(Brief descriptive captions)
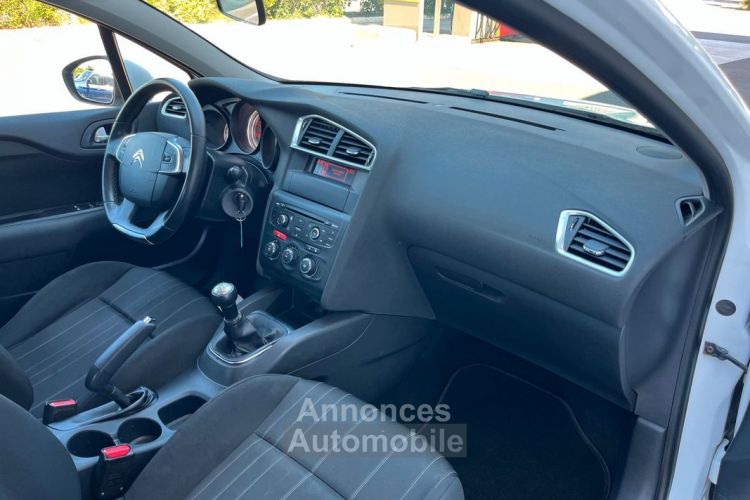 Citroen C4 Citroën 1.6 HDI 90 Confort - <small></small> 6.990 € <small>TTC</small> - #15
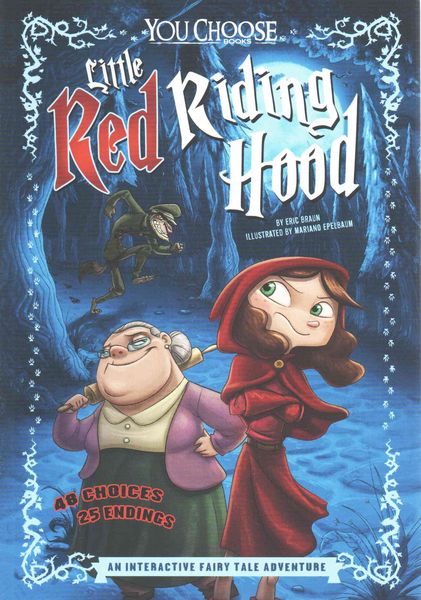 Produktbild: Little Red Riding Hood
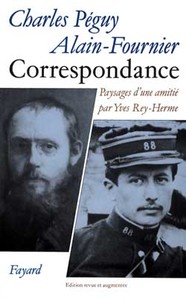 CORRESPONDANCE - PAYSAGES D'UNE AMITIE PAR YVES REY-HERME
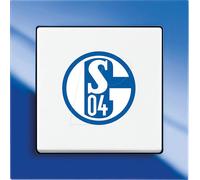 EL BJ SCHALKE 04 - Interrupteur de ventilateur FC Schalke 04 - commutation d'arrêt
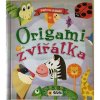 papírové skládání Origami zvířátka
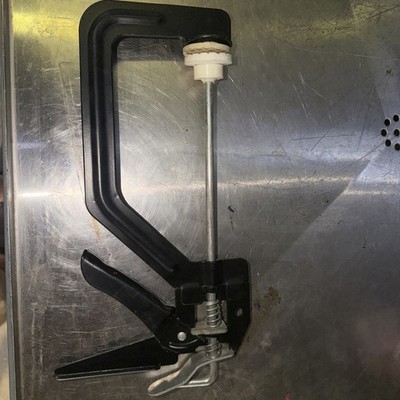 6'' / 150mm Quick Grip Speed Clamp Holder Holding Tool Carpenters Woodworking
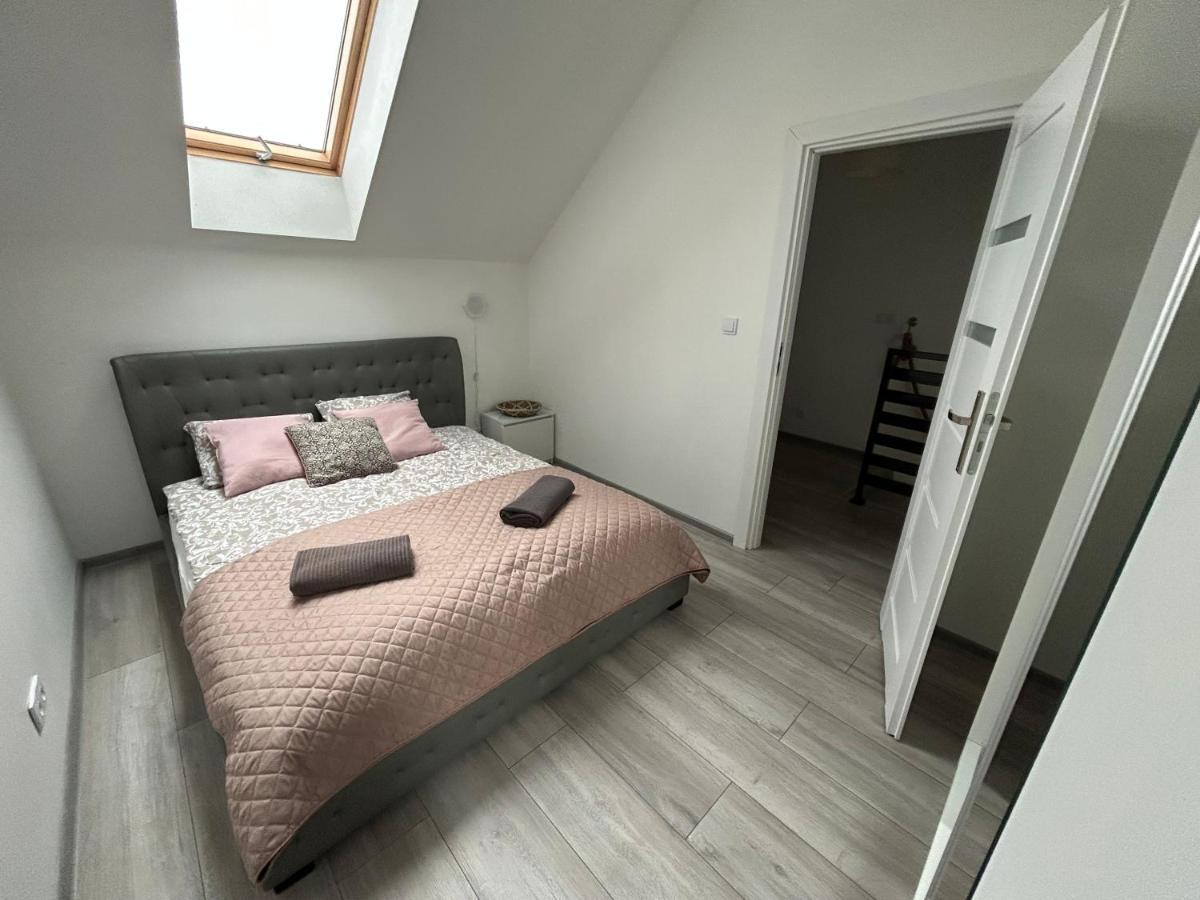 Koniec Swiata Stare Sady Apartment Mikołajki Екстериор снимка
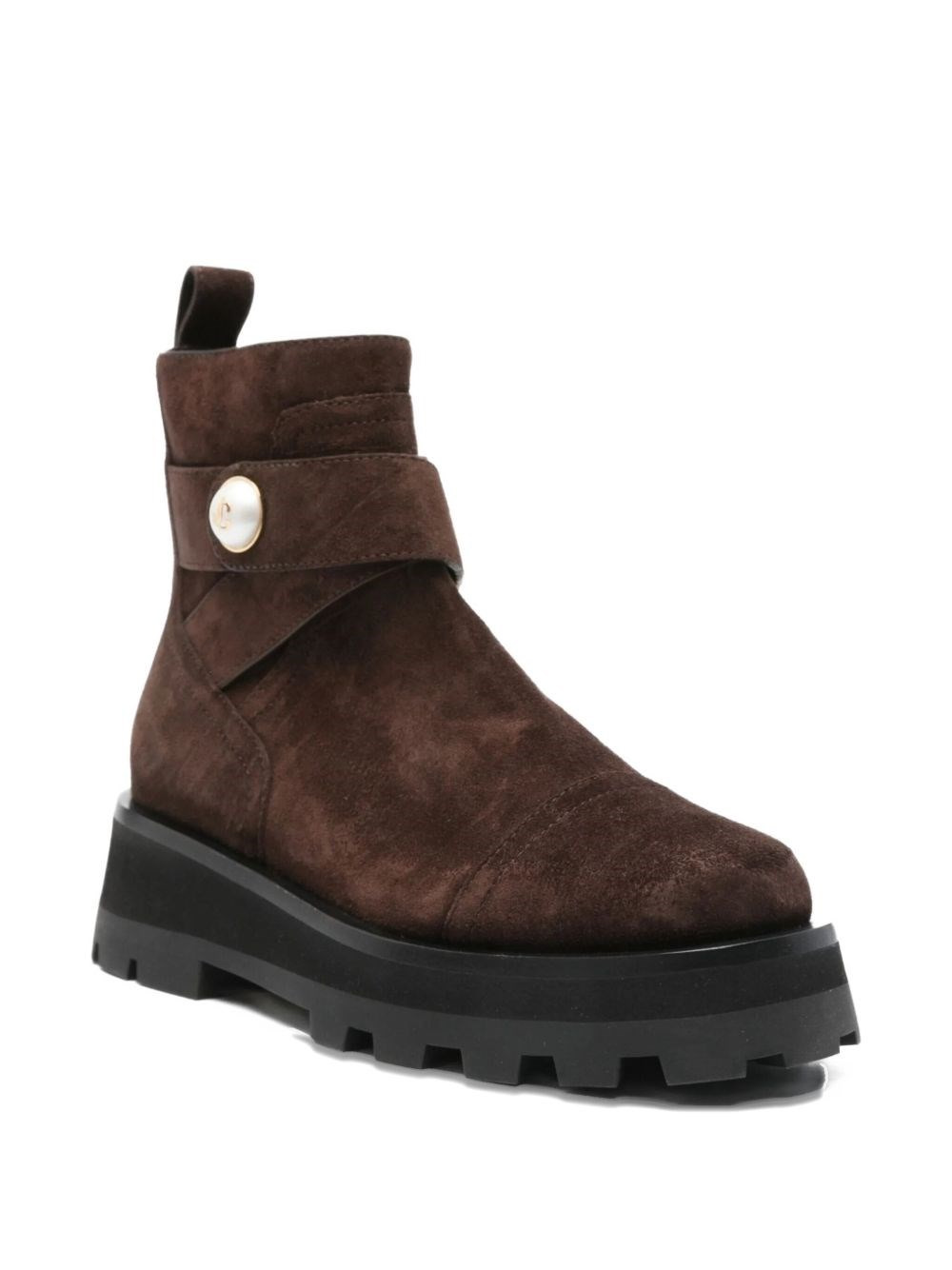 Meena suede leather boots - 2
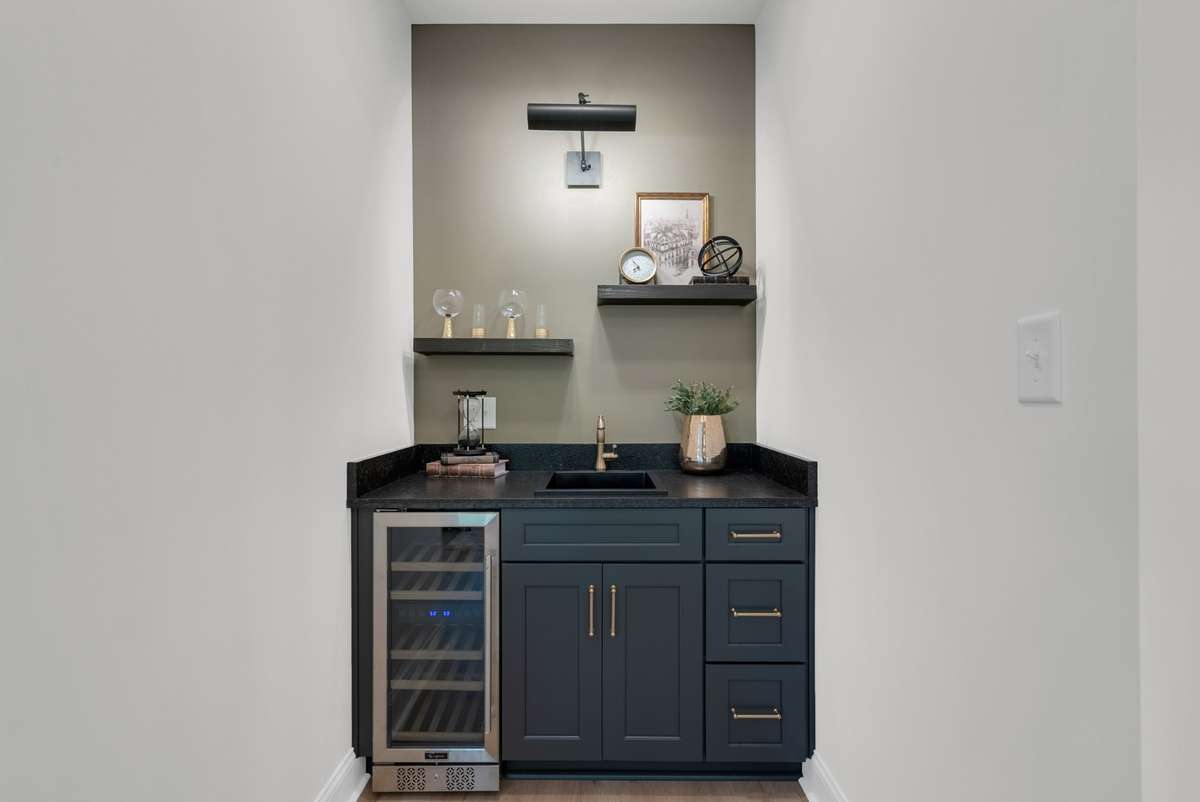Wet Bar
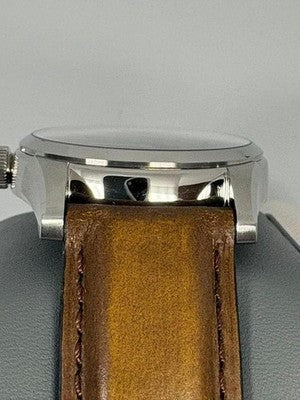 HAMILTON AMERICAN CLASSIC SPIRIT OF LIBERTY H42415541 AUTOMATIC BLUE WATCH BOX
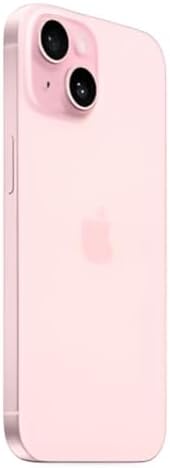 Apple iPhone 15  128GB  Pink   Unlocked  Renewed Premium 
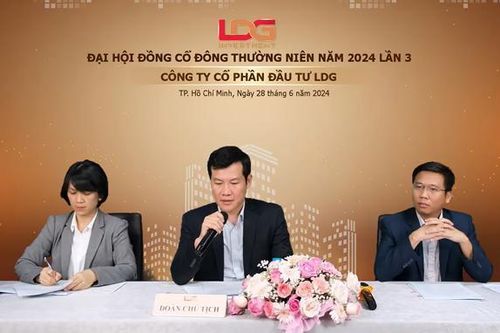 Vì sao công ty bất động sản LDG bị yêu cầu mở thủ tục phá sản?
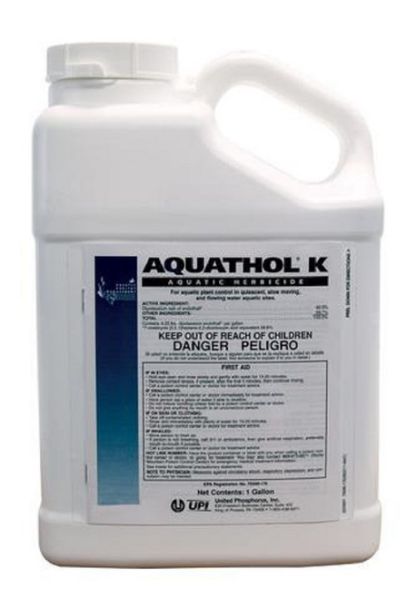 Picture of AQUATHOL K (2X2.5GAL)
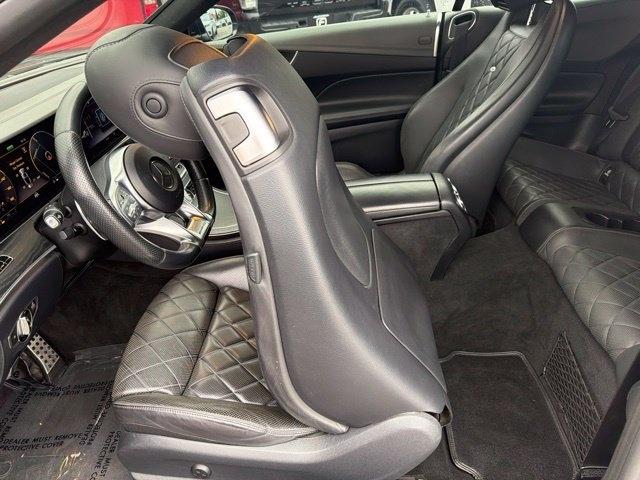 Mercedes-Benz E-Class  2019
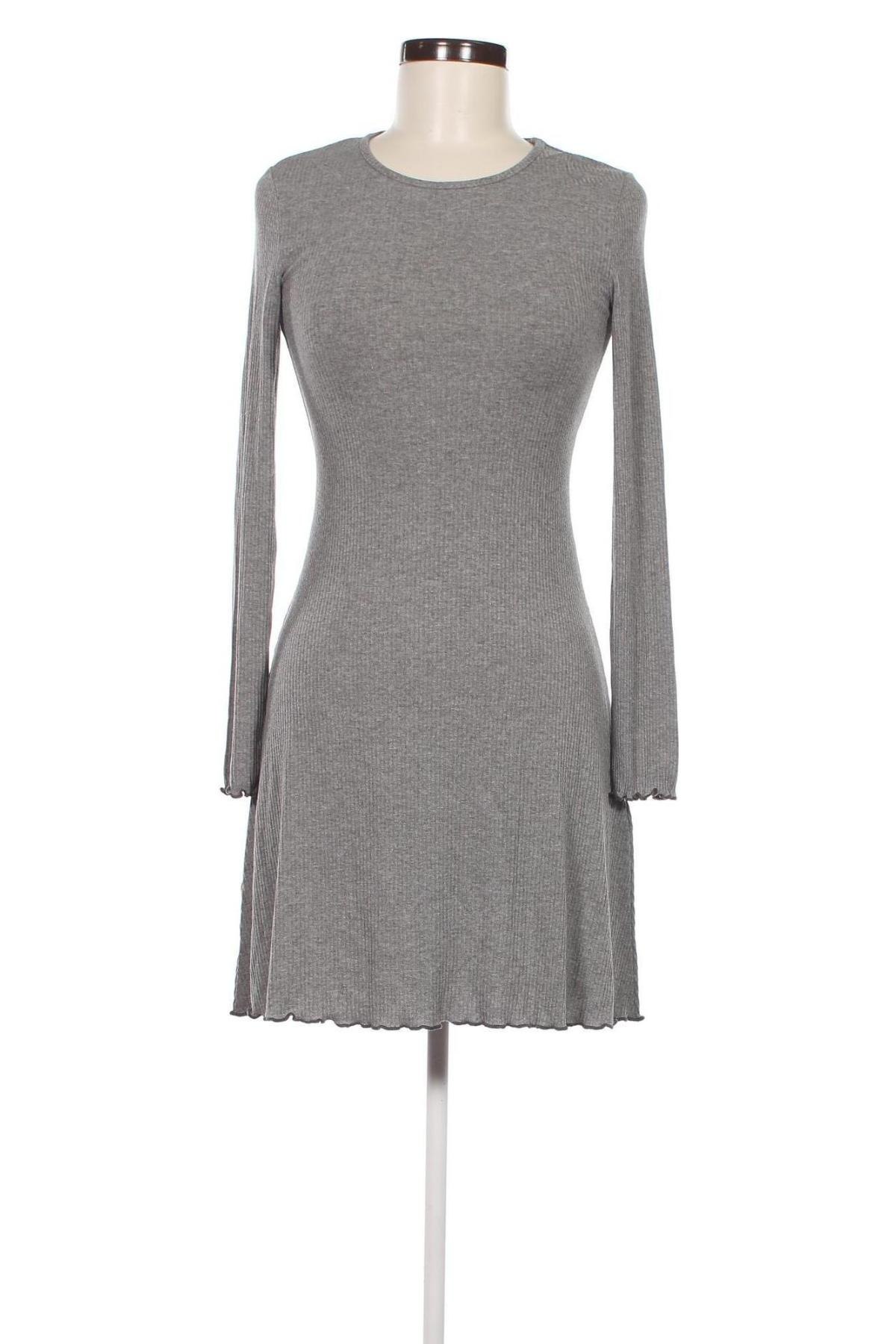 Kleid H&M Divided, Größe S, Farbe Grau, Preis € 15,06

Exercise directions: Excluding all pictures, print exactly and only the lines from the line with "papírové skládání Origami zvířátka" through the end of the records above, both ends included.

Answer:
 papírové skládání Origami zvířátka
 6'' / 150mm Quick Grip Speed Clamp Holder Holding Tool Carpenters Woodworking
 Koniec Swiata Stare Sady Apartment Mikołajki Екстериор снимка
 Meena suede leather boots - 2
Wet Bar
 HAMILTON AMERICAN CLASSIC SPIRIT OF LIBERTY H42415541 AUTOMATIC BLUE WATCH BOX
 Apple iPhone 15  128GB  Pink   Unlocked  Renewed Premium 
 Vì sao công ty bất động sản LDG bị yêu cầu mở thủ tục phá sản?
 Picture of AQUATHOL K (2X2.5GAL)
 Mercedes-Benz E-Class  2019
 Kleid H&M Divided, Größe S, Farbe Grau, Preis € 15,06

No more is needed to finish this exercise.